In the current study the method of Skidmore and Hagen (1977) [11] is applied as described by Equation (3). This simple method was proposed for investigating potential wind erosion reduction behind single tree strips. More recently, Marsham et al. (2013) [52] proposed a more complex method to estimate the Dust Uplift Potential (DUP) in deserts. Applying the DUP approach would reduce the potential wind erosion at the open field by ∼22%, compared to the estimate using Equation (3). Nevertheless, the average potential wind erosion reduction inside the agroforestry system increases with only ∼2% for all tree heights, compared to the average reductions calculated by the method of Skidmore and Hagen (1977) [11] (Table 2). Due to small differences between the two methods inside the agroforestry system, we decided to stick to the more simple method, which was developed for the application at tree strips.

Estimating wind erosion with half-hourly mean wind speeds could lead to an underestimation of the absolute potential wind erosion by approximately 43–53%, due to smoothing of the gusts [93]. Nevertheless, we have shown that inside the agroforestry system the negative effect on $Erosio{n}_{frac}$ will be less, as $u_{frac}$ stays roughly similar for a wide range of wind speeds (Section 3.5). $Erosio{n}_{frac}$ would on average only increase by 5–8% for gusts based on the half-hourly maximum wind speed, $u_{MC-MAX}^{SFC}$, compared to $Erosio{n}_{frac}$ based on the average wind speed, $u_{MC}^{SFC}$.

The application of periodic boundary conditions in the horizontal domain of the LES model is another point of uncertainty. These conditions lead to reduced wind speeds at the inflow side of the LES domain, as still partly visible at the west edge in Figure 7. As a result, $u_{frac}$ and $Erosio{n}_{frac}$ are already distorted before the wind field has encountered the first tree strip. The new proposed method from Section 2.6.2 compensates for this issue, leading to an $u_{frac}$ and $Erosio{n}_{frac}$ close to 100% before the first tree strip. Furthermore, the modeled $u_{frac}$ inside the agroforestry system is confirmed by direct wind measurements [26,67]. A different solution could be to create turbulent inflow conditions in the horizontal domain of the LES model. Using this approach requires an increased domain size to allow turbulent eddies to develop before the tree strips in the agroforestry system. This has the disadvantage that the processing time would increase, but the advantage that the ambient conditions could be closer to reality if the adjustment parameters are set properly.

5. Conclusions

Wind erosion is a serious risk for dry and sandy soils and our model simulations for a case study in Germany showed that alley cropping agroforestry systems in a temperate climate can strongly reduce the magnitude of wind erosion by more than 80% when well-designed.

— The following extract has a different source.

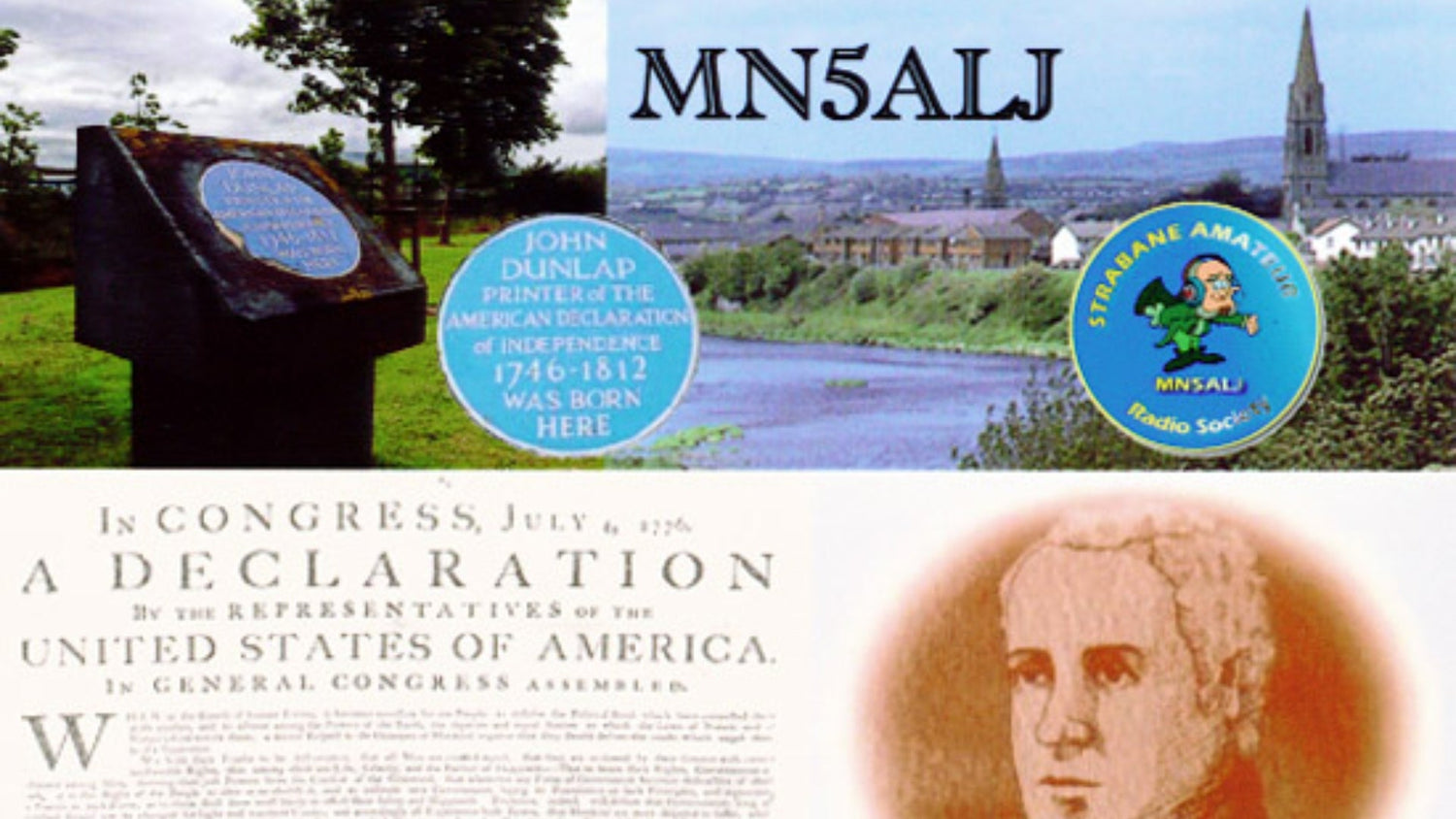 Strabane Amateur Radio Society (MI5ALJ): Connecting the Airwaves in Northern Ireland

For optimal protection the tree strips should be orientated perpendicular to the dominant wind direction, or at least diagonal. A distance of ≤48 m between tree strips provides a strong and constant reduction of wind speed and potential wind erosion. Dense tree strips of 2 m height can already provide protection when the distance between the tree strips is ≤48 m and the orientation in respect to the dominant wind direction is optimized. Taller tree heights can provide an increased and more stable reduction for wind directions perpendicular to the tree strips. For higher wind speeds, soils are also protected against wind erosion, especially when the distance between the tree strips is ≤48 m.

By designing the alley cropping agroforestry system to local conditions, optimal prevention against wind erosion can be created. Nevertheless, local topography and other aspects such as shading of solar radiation by trees need to be taken into account when optimizing the overall performance of the agroforestry system.